Quando si configurano le linee di distribuzione fluide o pneumatiche, i quattro polimeri di riferimento sono il PVC, il Poliuretano (PU), la Poliammide (Rilsan) e il Polietilene (PE). Ognuno di essi risponde a una specifica esigenza d’officina. Questa guida analizza le caratteristiche tecniche di ciascun materiale per orientare la scelta verso la soluzione più efficiente e sicura.
Il PVC (polivinilcloruro) è il materiale più diffuso nella movimentazione dei fluidi industriali e alimentari standard. La sua popolarità è legata a un rapporto qualità/prezzo imbattibile: garantisce una buona resistenza strutturale a fronte di un investimento contenuto.
Trova ampio spazio nell’industria lattiero-casearia (passaggio latte e siero), nel settore enologico (movimentazione mosti e vini), nell’impiantistica conserviera e nell’automazione industriale per linee di scarico o fluidi a bassa pressione.
Il poliuretano si posiziona come materiale intermedio tra PVC e gomma, sia per prestazioni sia per costo. Il suo elemento differenziante è la spiccata resistenza all’abrasione: in applicazioni dove il fluido trasportato contiene particelle solide in sospensione, o dove il tubo stesso è soggetto a sfregamenti ripetuti, il PU offre una durata sensibilmente superiore al PVC.
È il polimero di riferimento per il trasporto di polveri abrasive (granulati, farine, sabbie), nelle linee di vuoto industriale in presenza di contaminanti solidi e a bordo macchina su sistemi robotizzati o pick-and-place soggetti a continui cicli di flessione.
La Poliammide (comunemente nota come Rilsan PA11 o PA12) è il tecnopolimero standard per i circuiti ad aria compressa nell’automazione industriale. Si distingue nettamente dagli altri materiali per la sua rigidità strutturale e per la stabilità dimensionale calibrata.

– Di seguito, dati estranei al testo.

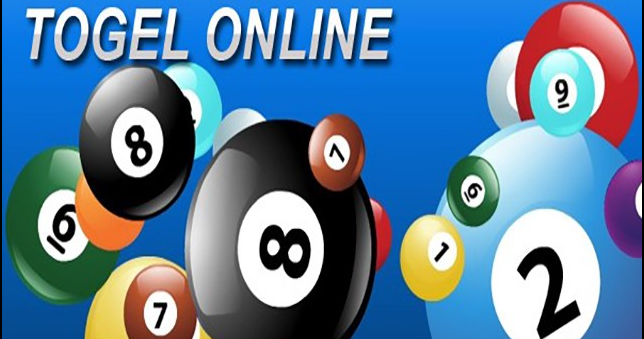 Cara Main Togel 4D 2D Togel Pakong Situs Bandar Togel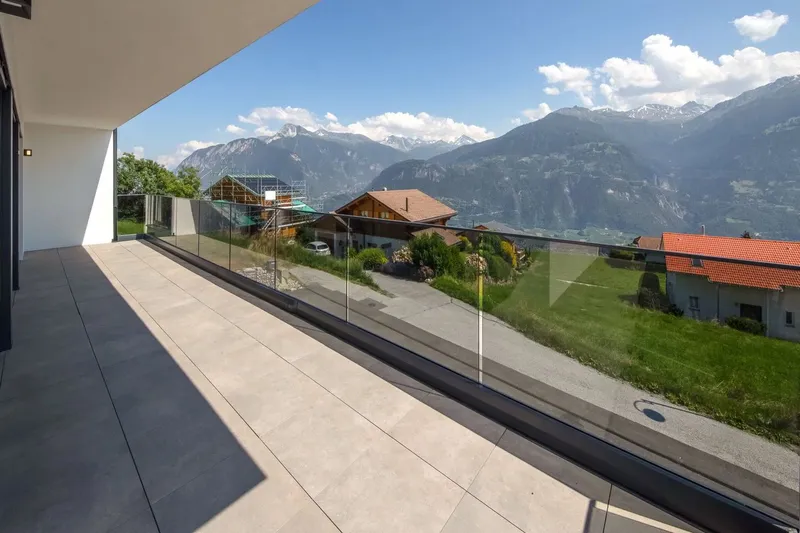 Villa Saphir - Photo 2
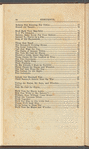 Hayes and Wheeler campaign song book, for the centennial year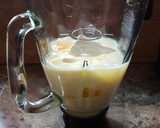 Foto del paso 3 de la receta: Pay de queso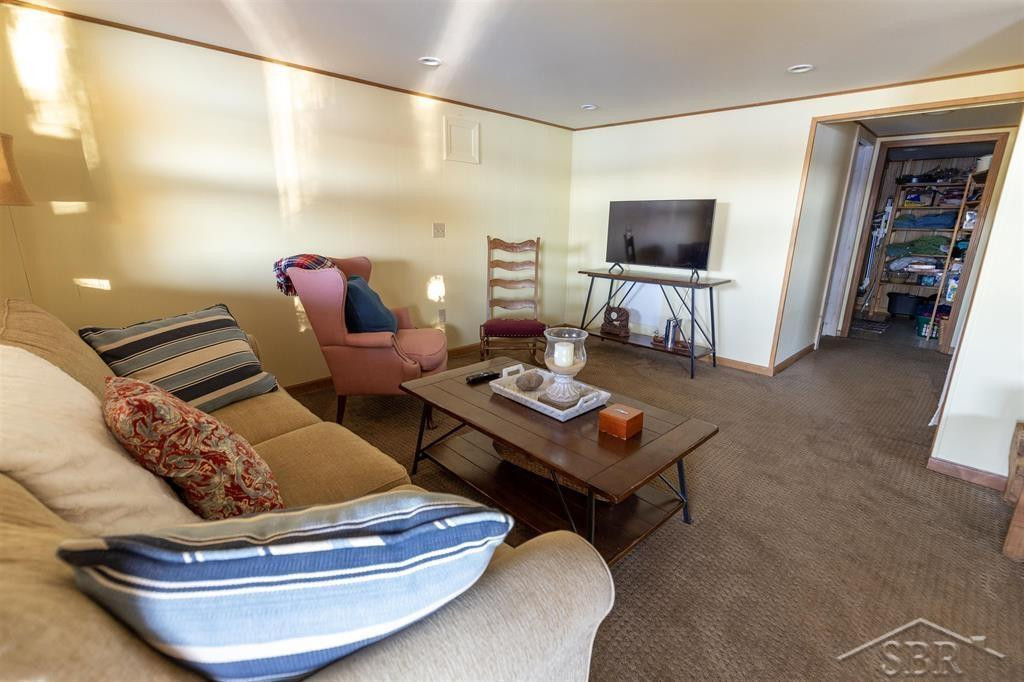 450 Hillcrest Drive, Lake, MI 48632 — Photo 45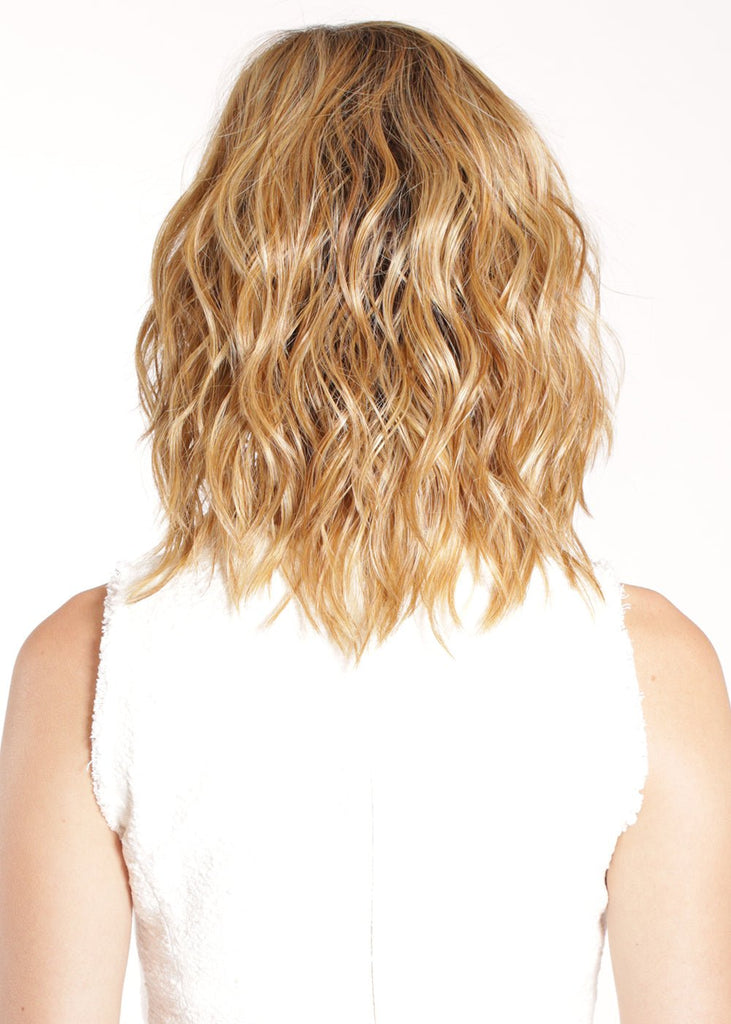 Columbia E by Belle Tress - MyHairMail Wigs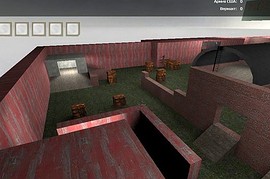 arena_ML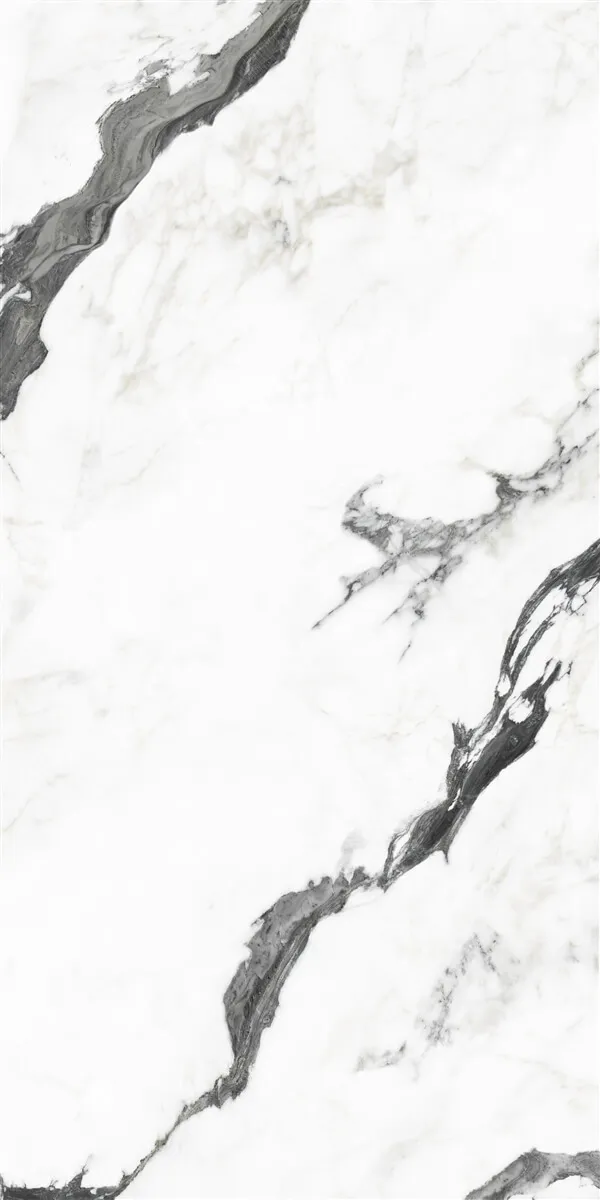 P19707 White — 9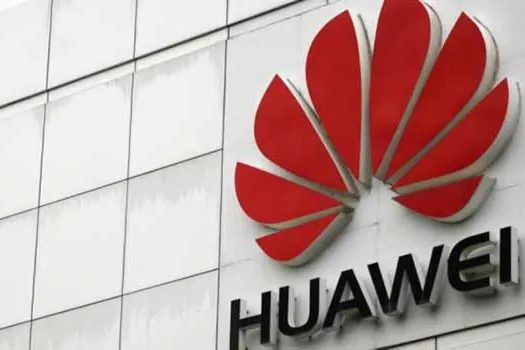 França deve banir equipamentos de 5G da Huawei a partir de 2028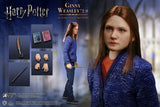 Harry Potter - Ginny (Casual Clothes) 12 1:6 Scale Action Figure - Premium Action Figure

Utilizzato universalmente nell’automazione pneumatica per il pilotaggio di cilindri, valvole e attuatori, nei circuiti di segnale e nella strumentazione di bordo macchina che richiede la massima pulizia. Ambienti con requisiti di pulizia elevata: superficie interna non porosa, facile da sanificare.
Il Polietilene (PE) è un termoplastico che si colloca come alternativa economica e super-performante alla poliammide quando la priorità assoluta è la resistenza agli agenti chimici aggressivi o il lavoro in ambienti criogenici.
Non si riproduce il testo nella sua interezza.